Bölüm 24

11.4K 693 106
                                    

Bölümü Tuna Velibaşoğlu-kal ölene kadar şarkısı ile okumanızı tavsiye ederim.


Nüfus kâğıdı olmadan, hiçbir yere gidemezdi... Konağa dönmek zorundaydı... "Durun!" dedi aceleyle "Geri dönüyoruz!"

Adam hiçbir tepki vermeden denileni yaptı.

Elif'in eve dönmesi bir saatini almıştı... Korkudan telefonuna bile bakamamıştı...

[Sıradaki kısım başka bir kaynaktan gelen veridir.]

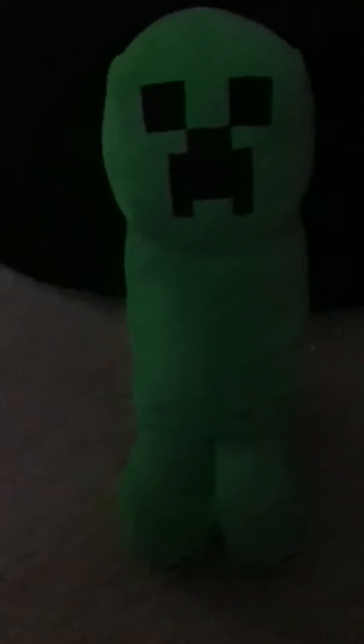And I got this from Spencer's. Have you ever heard of that store? Spencer's is like a place where they sell creepers, bracelets, t-shirts — pretty cool stuff.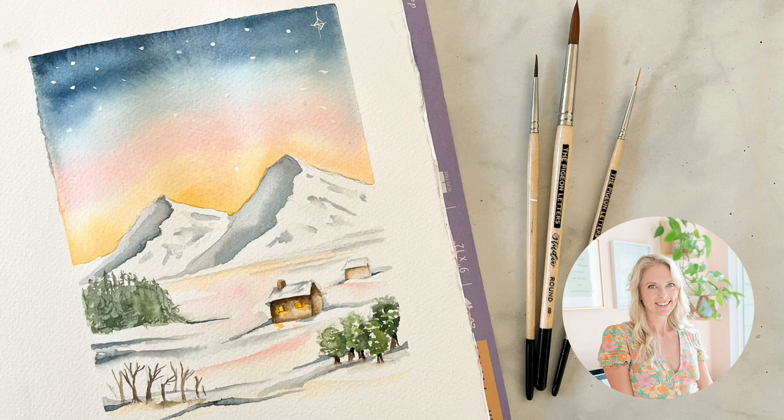Hi and welcome to my tutorial, this is Nikki from the Pigeon Letters design team. Today we're going to be painting a beautiful snowy landscape with the sun rising in the background. I recently visited the Sierras and it was so beautiful that I thought this would be the perfect tutorial for us.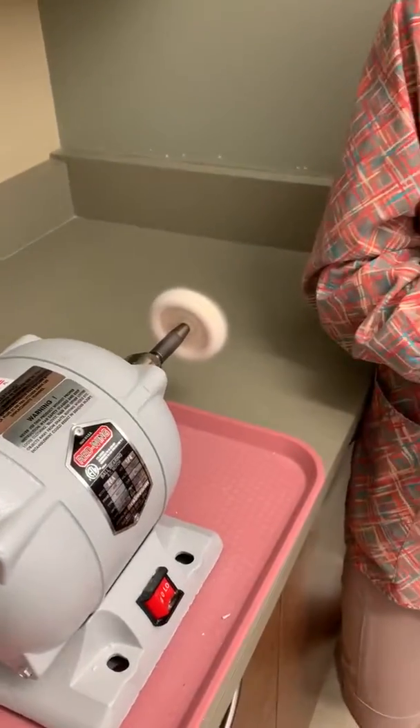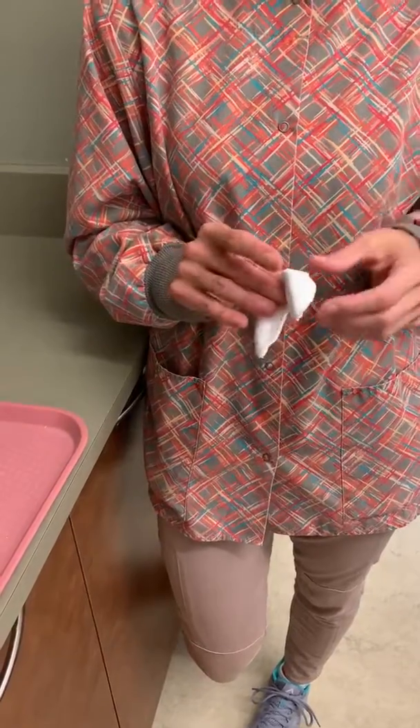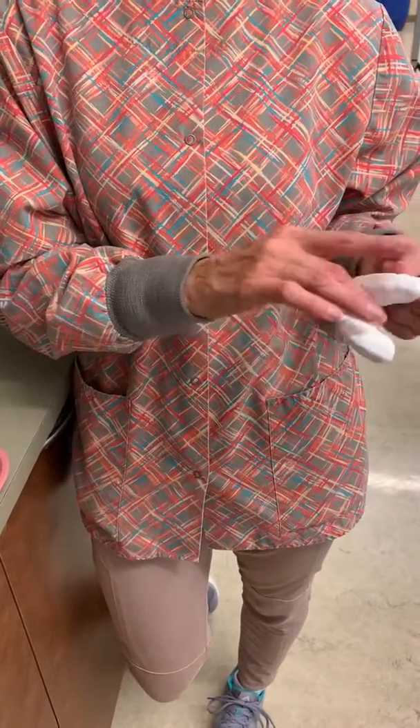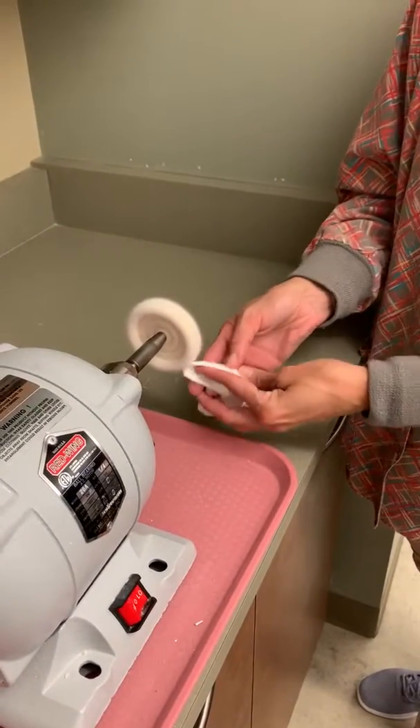What you want to do is of course have your PPEs on — glasses, mask. You don't need gloves, and you want to put some pressure in the area in which you're going to be working because it's very clumsy, and you just want to press it against the wheel.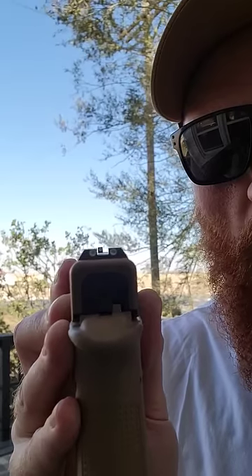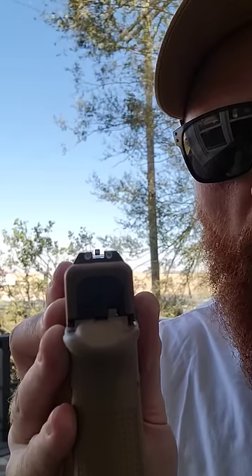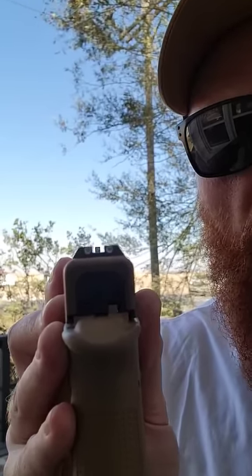Align the sights. Always focus on the front sight and keep the rear sight out of focus. Put the front sight on your intended target.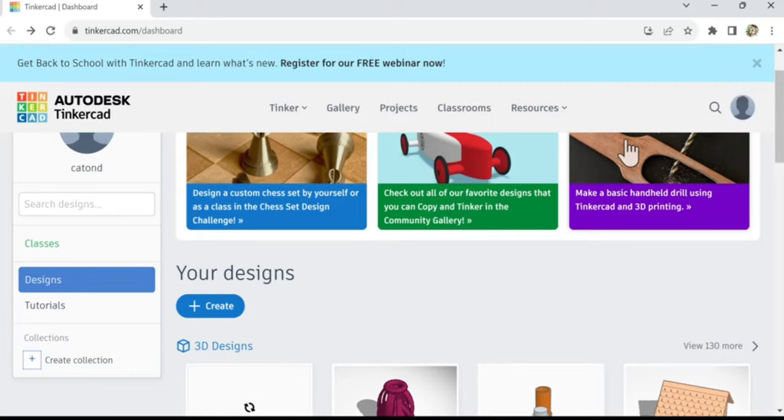Hey, what's up guys, we're back with another Tinkercad tutorial. This is part nine, so if you just got started with Tinkercad check out my first couple parts — part one, two, three — to kind of learn the basics, then you can follow along. We're gonna do all kinds of cool designs, so hit like and subscribe if you like this and I will keep making more videos.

Kapıda onu Aras karşıladı... Ne kadar sinirli olduğu gözlerinden anlaşılıyordu. "Neredesin sen?... Oynadığın tiyatronun nedenini öğrenebilir miyim?" konuştukça, boynunda ki damar belirginleşiyordu.

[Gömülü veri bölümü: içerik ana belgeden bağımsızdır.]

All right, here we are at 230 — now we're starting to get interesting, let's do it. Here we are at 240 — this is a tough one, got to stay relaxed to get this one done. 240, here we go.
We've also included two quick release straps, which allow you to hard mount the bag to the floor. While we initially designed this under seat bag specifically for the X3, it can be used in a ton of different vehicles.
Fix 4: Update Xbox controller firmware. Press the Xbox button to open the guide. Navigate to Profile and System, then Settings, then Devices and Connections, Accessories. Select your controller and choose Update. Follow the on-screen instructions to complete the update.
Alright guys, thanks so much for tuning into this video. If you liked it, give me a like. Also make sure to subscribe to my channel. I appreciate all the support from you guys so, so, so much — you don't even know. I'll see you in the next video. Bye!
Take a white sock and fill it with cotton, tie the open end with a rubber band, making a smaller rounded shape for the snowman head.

Elif korksa da belli etmemeye çalıştı. "Biraz dolaşmak istedim..." dedi umursamaz tavrıyla, ona açıklama yaptığına şükretmeliydi. "Peşimde kuyruk istemedim!"

Aras sinirden kahkaha attı. "Kuyruk istememiş hanım efendi!... Bu bahane değil, konaktan dışarı adımını attığında haberim olacak demiştim! ... Ya başına bir şey gelseydi, yol da bayılsaydın?" her kelimesinde daha da sinirleniyordu.

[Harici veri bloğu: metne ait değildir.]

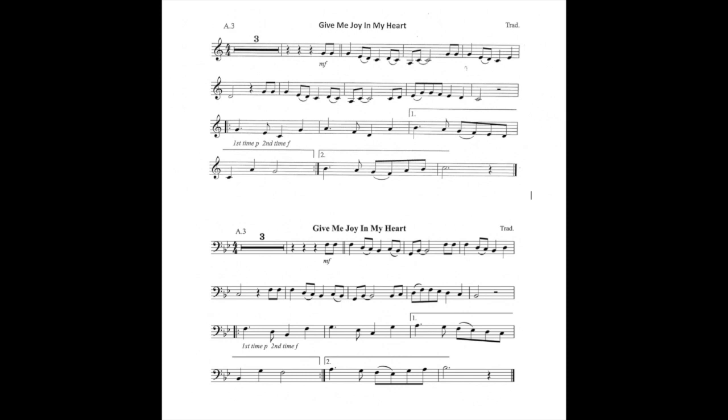If you read treble clef, please follow the top of the picture which starts on the note G, 1st position. If you read bass clef, please follow the bottom of the picture which starts on the note F, 1st position.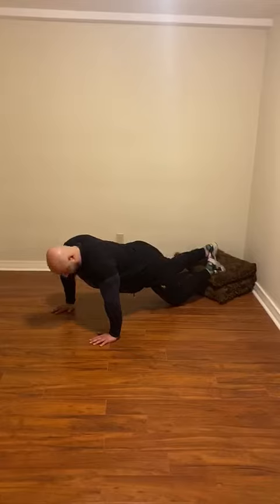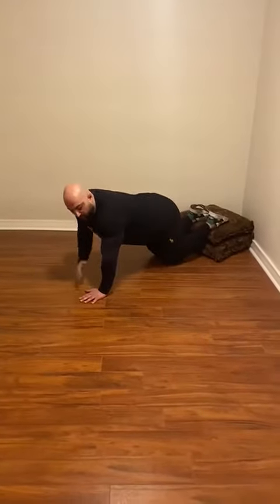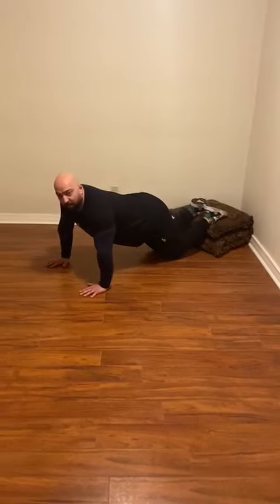If it's hard, put your knees down, leave your feet on the pillow, and keep your arms in the same line as your chest.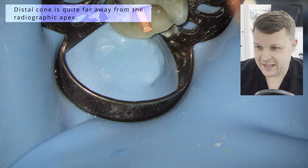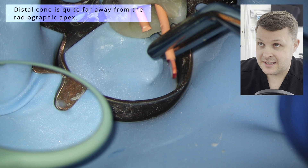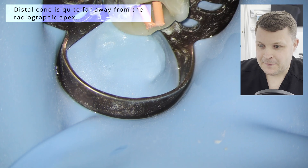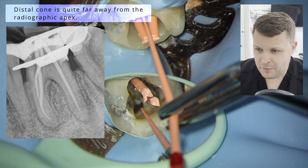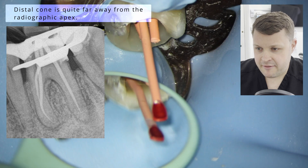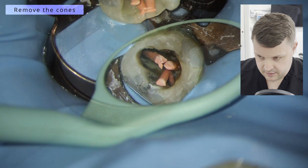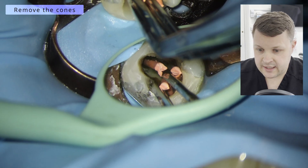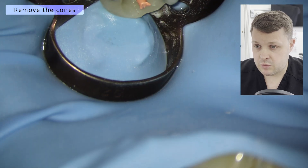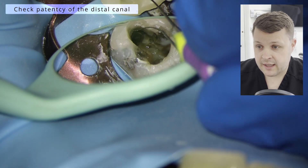I don't like the excess GP points flapping around when we take the comfort radiograph because sometimes when you fold the rubber dam over it can cause problems. And you can see we're probably a little bit too far away from the radiographic apex here with the distal canal, and that is a concern. So in this case, what we always do is recheck the working length — I'm going to remove the cones, get a hand file down the distal canal and just check for sure that we are at the working length.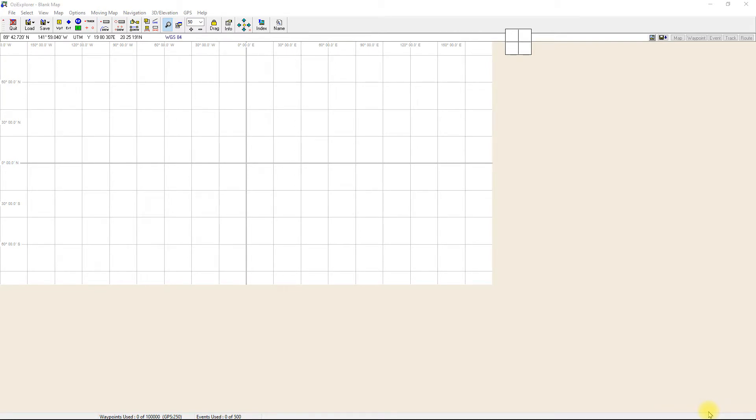Aussie Explorer has the ability to turn your paper maps into Aussie Explorer maps. You need to first create a JPEG or BMP file — in other words, just a normal picture file of your paper map — and we can then show you how to turn it into an Aussie Explorer map. I've got Aussie Explorer open here and it's just blank, there's no map loaded.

Elif son cümleye takılmıştı. "Neden bayılayım?"

"O kadar şey söyledim, cevabın bu mu? Sanki üç gün önce bayılan sen değilmişsin gibi konuşuyorsun!"

"Yeter artık!" diye çıkıştı. "Bana hesap soramazsın!"

Aras karısına doğru bir adım attı, adeta burnundan soluyordu. "Damarıma basmanı tavsiye etmem! Bunu yapmak istemezsin!"

"O zaman beni rahat bırak!" yaptıklarına rağmen, nasıl böyle yüzsüz oluyordu?

"Bıraktık da ne oldu? Kaçmaya kalktın!"

Elif duyduklarıyla bir adım geriledi. "Kaçtığımı da nereden çıkardın?"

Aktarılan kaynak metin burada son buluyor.